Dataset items
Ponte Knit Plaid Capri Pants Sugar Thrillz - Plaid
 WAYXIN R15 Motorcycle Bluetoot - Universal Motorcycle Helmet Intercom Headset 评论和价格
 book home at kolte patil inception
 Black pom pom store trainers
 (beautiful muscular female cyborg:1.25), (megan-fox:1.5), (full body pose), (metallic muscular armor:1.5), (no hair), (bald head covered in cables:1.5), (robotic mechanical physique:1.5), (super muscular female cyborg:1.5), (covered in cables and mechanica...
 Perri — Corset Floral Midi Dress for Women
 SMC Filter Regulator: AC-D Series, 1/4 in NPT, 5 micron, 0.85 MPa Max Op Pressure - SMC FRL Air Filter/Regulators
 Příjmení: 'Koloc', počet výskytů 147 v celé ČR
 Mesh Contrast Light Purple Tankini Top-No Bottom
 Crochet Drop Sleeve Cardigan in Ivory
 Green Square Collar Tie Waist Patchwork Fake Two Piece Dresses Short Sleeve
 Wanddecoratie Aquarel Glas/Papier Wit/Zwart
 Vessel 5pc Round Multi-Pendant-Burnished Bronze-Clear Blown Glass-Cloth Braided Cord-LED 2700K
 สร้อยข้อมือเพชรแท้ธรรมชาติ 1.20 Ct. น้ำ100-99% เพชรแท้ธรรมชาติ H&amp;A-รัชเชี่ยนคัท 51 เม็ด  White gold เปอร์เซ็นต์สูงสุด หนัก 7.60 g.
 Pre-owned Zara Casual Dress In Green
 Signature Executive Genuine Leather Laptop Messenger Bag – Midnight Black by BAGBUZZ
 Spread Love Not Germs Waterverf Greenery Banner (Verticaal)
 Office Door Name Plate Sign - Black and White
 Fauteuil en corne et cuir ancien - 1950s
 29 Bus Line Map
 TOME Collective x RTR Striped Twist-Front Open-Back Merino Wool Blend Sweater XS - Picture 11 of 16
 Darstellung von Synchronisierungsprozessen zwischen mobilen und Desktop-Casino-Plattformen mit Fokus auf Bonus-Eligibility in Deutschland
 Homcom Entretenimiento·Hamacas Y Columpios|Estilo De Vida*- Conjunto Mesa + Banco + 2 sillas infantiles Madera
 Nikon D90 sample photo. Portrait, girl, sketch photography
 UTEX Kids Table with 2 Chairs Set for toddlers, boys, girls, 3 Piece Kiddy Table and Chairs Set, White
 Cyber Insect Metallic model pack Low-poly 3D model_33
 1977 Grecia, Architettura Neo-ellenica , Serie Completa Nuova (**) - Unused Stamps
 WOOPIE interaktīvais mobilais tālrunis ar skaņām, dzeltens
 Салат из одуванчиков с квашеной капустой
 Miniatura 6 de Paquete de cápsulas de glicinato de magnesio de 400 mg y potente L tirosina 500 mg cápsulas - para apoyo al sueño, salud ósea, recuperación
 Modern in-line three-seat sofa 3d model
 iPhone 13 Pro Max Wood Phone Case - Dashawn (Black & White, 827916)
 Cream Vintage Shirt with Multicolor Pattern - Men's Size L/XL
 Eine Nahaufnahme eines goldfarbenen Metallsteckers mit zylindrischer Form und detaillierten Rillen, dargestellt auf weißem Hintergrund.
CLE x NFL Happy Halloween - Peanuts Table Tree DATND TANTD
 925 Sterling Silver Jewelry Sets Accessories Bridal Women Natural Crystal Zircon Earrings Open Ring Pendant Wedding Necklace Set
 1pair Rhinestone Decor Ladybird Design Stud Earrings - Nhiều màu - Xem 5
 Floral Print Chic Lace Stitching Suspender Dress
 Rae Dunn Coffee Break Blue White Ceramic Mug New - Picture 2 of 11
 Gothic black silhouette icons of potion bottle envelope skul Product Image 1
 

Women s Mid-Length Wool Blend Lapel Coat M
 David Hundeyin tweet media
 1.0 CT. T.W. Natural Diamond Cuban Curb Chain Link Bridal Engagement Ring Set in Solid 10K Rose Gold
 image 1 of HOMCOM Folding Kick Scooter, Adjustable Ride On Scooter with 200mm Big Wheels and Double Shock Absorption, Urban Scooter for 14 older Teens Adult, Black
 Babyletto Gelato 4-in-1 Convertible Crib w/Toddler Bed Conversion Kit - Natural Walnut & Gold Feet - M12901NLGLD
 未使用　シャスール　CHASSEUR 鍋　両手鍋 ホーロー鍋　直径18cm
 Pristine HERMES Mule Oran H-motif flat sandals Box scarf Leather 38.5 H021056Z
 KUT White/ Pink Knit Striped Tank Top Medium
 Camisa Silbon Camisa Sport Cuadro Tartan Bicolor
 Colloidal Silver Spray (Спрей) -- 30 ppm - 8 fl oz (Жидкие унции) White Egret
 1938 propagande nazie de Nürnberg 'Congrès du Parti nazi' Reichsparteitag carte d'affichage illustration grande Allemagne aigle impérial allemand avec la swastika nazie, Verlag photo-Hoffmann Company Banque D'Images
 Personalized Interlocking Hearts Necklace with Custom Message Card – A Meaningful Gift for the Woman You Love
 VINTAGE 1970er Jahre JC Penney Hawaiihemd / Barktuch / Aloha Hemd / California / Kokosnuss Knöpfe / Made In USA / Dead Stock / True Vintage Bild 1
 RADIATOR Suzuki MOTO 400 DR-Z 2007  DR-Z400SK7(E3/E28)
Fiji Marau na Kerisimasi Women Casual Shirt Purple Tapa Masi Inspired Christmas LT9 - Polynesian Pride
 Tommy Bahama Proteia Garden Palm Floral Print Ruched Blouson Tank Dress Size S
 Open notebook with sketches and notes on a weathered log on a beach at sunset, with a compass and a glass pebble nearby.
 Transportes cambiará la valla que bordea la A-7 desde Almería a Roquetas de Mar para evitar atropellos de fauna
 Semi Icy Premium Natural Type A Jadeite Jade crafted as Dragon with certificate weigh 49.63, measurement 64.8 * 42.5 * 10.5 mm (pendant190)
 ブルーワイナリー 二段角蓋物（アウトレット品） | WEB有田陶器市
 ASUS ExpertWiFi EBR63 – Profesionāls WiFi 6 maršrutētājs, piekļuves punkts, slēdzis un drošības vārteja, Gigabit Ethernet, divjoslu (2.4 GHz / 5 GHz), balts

• [Your assignment] Give back the records above exactly, limited to the lines between the one holding "未使用　シャスール　CHASSEUR 鍋　両手鍋 ホーロー鍋　直径18cm" and the one holding "Open notebook with", inclusive.

• [Expected output]
 未使用　シャスール　CHASSEUR 鍋　両手鍋 ホーロー鍋　直径18cm
 Pristine HERMES Mule Oran H-motif flat sandals Box scarf Leather 38.5 H021056Z
 KUT White/ Pink Knit Striped Tank Top Medium
 Camisa Silbon Camisa Sport Cuadro Tartan Bicolor
 Colloidal Silver Spray (Спрей) -- 30 ppm - 8 fl oz (Жидкие унции) White Egret
 1938 propagande nazie de Nürnberg 'Congrès du Parti nazi' Reichsparteitag carte d'affichage illustration grande Allemagne aigle impérial allemand avec la swastika nazie, Verlag photo-Hoffmann Company Banque D'Images
 Personalized Interlocking Hearts Necklace with Custom Message Card – A Meaningful Gift for the Woman You Love
 VINTAGE 1970er Jahre JC Penney Hawaiihemd / Barktuch / Aloha Hemd / California / Kokosnuss Knöpfe / Made In USA / Dead Stock / True Vintage Bild 1
 RADIATOR Suzuki MOTO 400 DR-Z 2007  DR-Z400SK7(E3/E28)
Fiji Marau na Kerisimasi Women Casual Shirt Purple Tapa Masi Inspired Christmas LT9 - Polynesian Pride
 Tommy Bahama Proteia Garden Palm Floral Print Ruched Blouson Tank Dress Size S
 Open notebook with sketches and notes on a weathered log on a beach at sunset, with a compass and a glass pebble nearby.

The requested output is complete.